- [SUPPLIED DATA]:
***

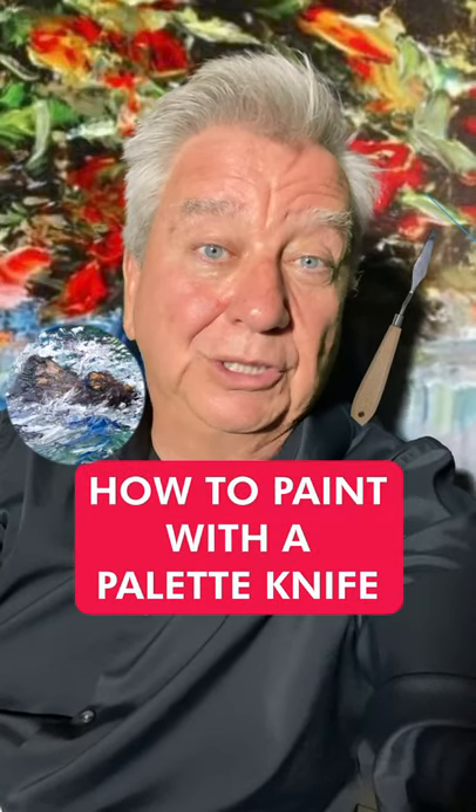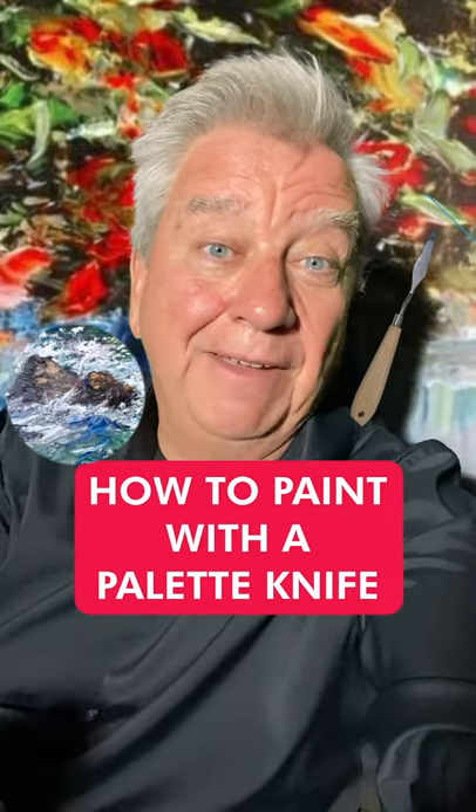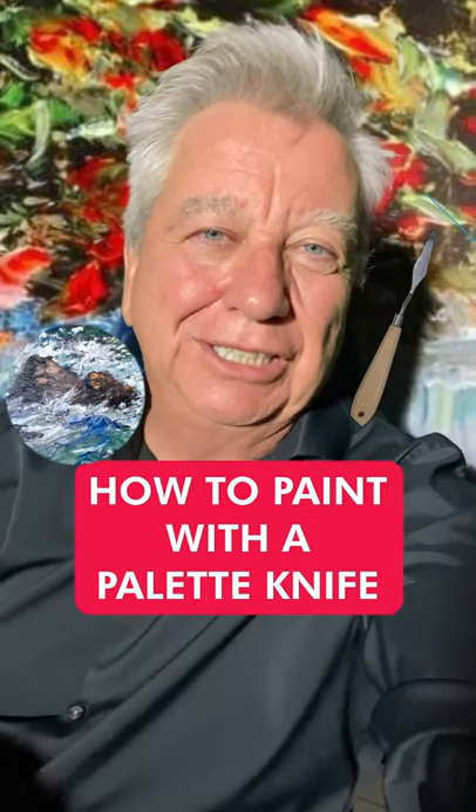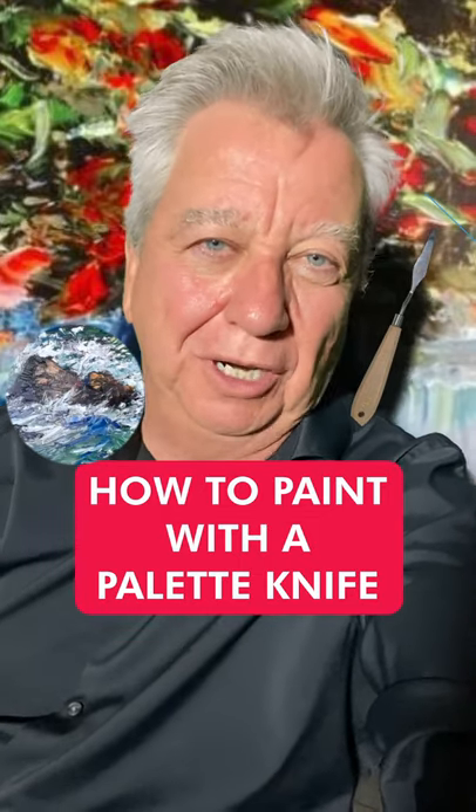Hey, think you can do a painting with a household utensil like a knife? You can with a palette knife. Incredible energy. We're going to show you how. Just click the link in bio or the description.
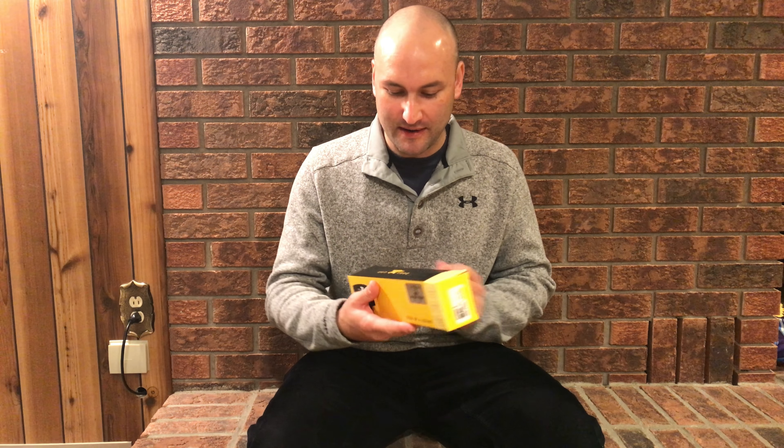Good day everyone, I'm Jeremy from Survival Showcase, and today we're taking a look at the 75th anniversary of the Buck 119 Special.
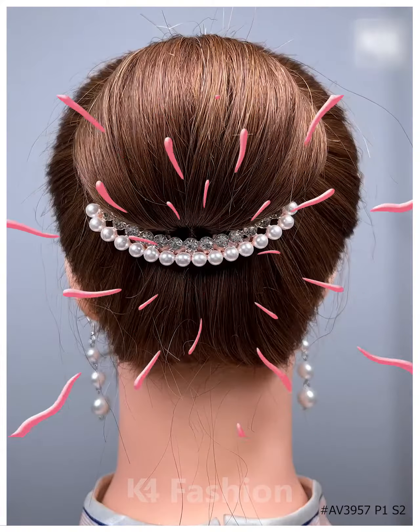For the next one, take a bun clip and then tie the hairs into the cute little bun, attach it nicely. For the next one, take the hairs and then start rolling your hair as shown in the video, fix it all properly and then it's all done.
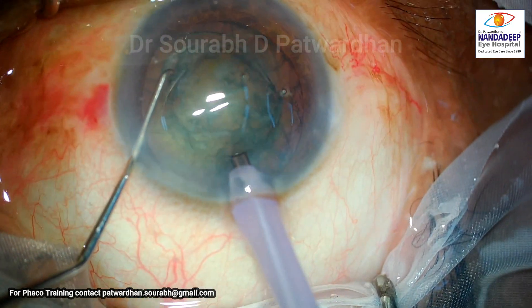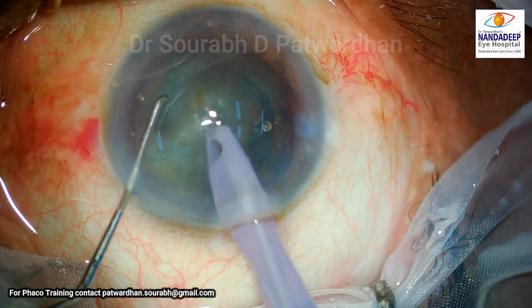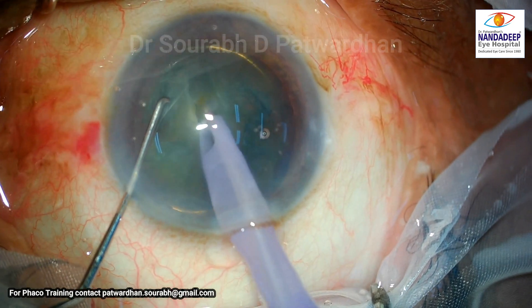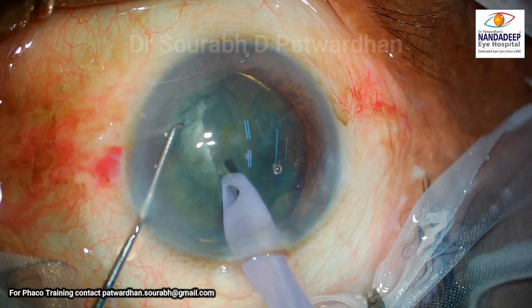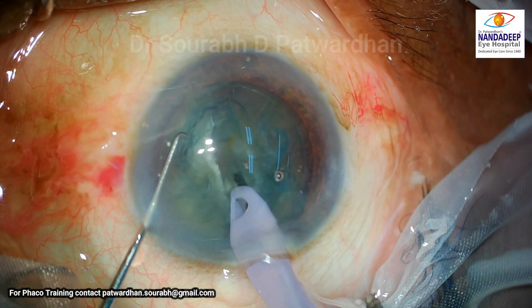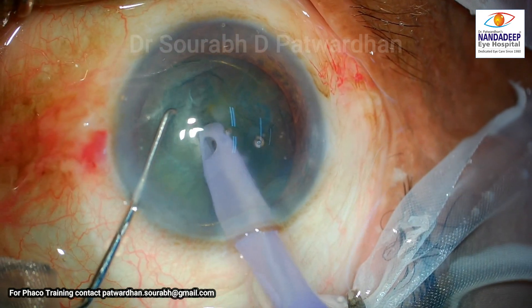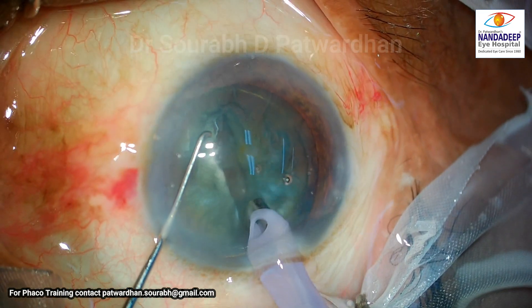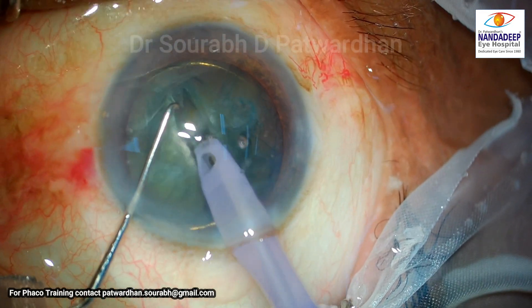The surgeon starts with continuous irrigation on and trenching has started — the trench and divide technique is being used here. The trenching looks pretty good, with not much movement of the nucleus, which is good. You should not be pushing the nucleus; it happens more commonly with harder grade cataracts. This is a grade one to two cataract, so it is going on nicely.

***

- [PROBLEM REQUIREMENTS]: Restate the entire listing word for word, excluding pictures.

- [TASK ANSWER]:
Hey, think you can do a painting with a household utensil like a knife? You can with a palette knife. Incredible energy. We're going to show you how. Just click the link in bio or the description.
Good day everyone, I'm Jeremy from Survival Showcase, and today we're taking a look at the 75th anniversary of the Buck 119 Special.
For the next one, take a bun clip and then tie the hairs into the cute little bun, attach it nicely. For the next one, take the hairs and then start rolling your hair as shown in the video, fix it all properly and then it's all done.
The surgeon starts with continuous irrigation on and trenching has started — the trench and divide technique is being used here. The trenching looks pretty good, with not much movement of the nucleus, which is good. You should not be pushing the nucleus; it happens more commonly with harder grade cataracts. This is a grade one to two cataract, so it is going on nicely.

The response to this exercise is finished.